Source material Block Start
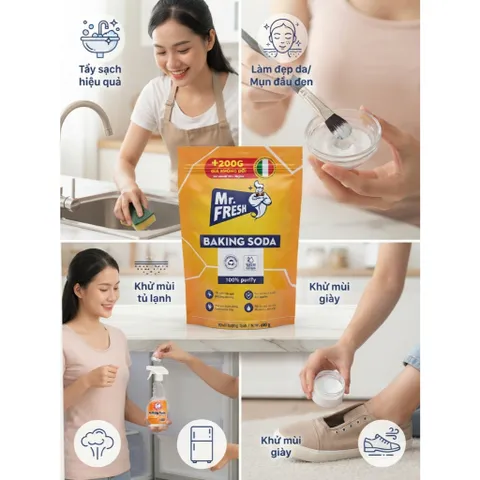 [ TẶNGTHÊM 200G GIÁ KHÔNG ĐỔI] Baking Soda Mr. FRESH – Eco-Clean Bột nở-tẩy rửa gia dụng 680g
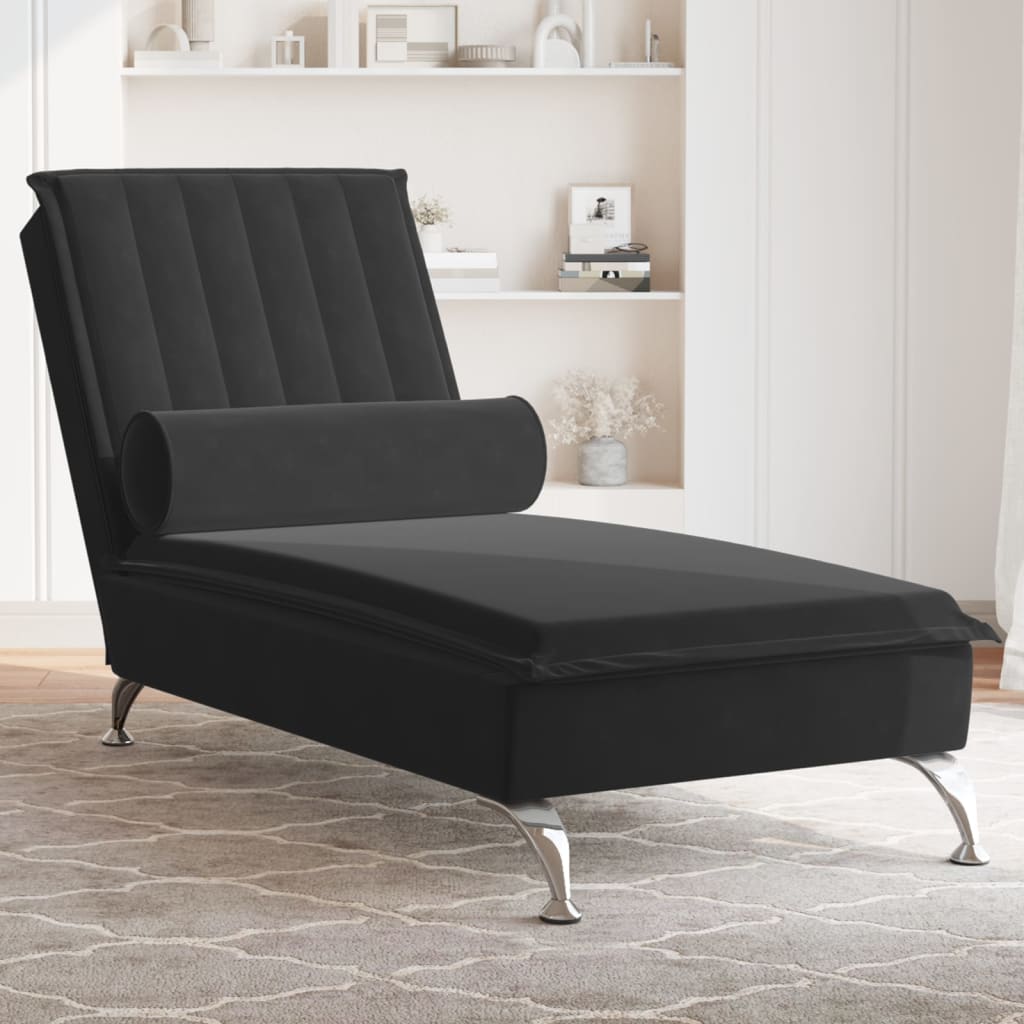 vidaXL Massage-Chaiselongue mit Nackenrolle Schwarz Samt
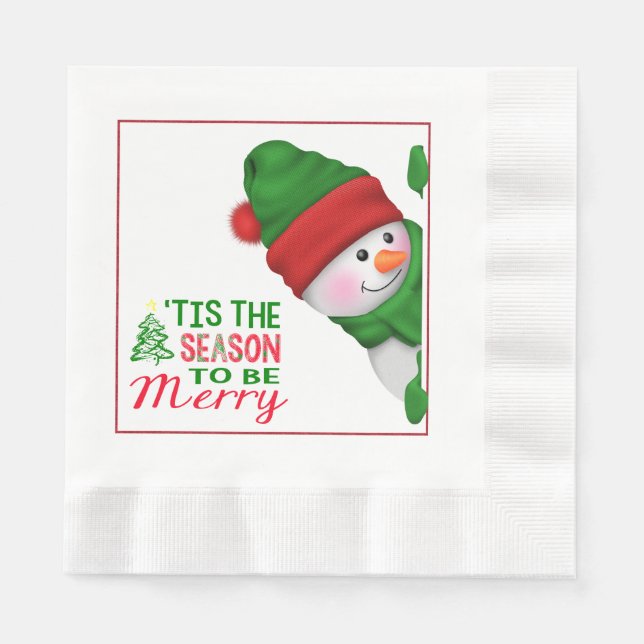 Fun Snowman Christmas Paper Napkin (Front)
Source material Block End
## Your objective
Pictures are to be left out; the listing above is otherwise to be copied exactly.

## Answer to this exercise
 [ TẶNGTHÊM 200G GIÁ KHÔNG ĐỔI] Baking Soda Mr. FRESH – Eco-Clean Bột nở-tẩy rửa gia dụng 680g
 vidaXL Massage-Chaiselongue mit Nackenrolle Schwarz Samt
 Fun Snowman Christmas Paper Napkin (Front)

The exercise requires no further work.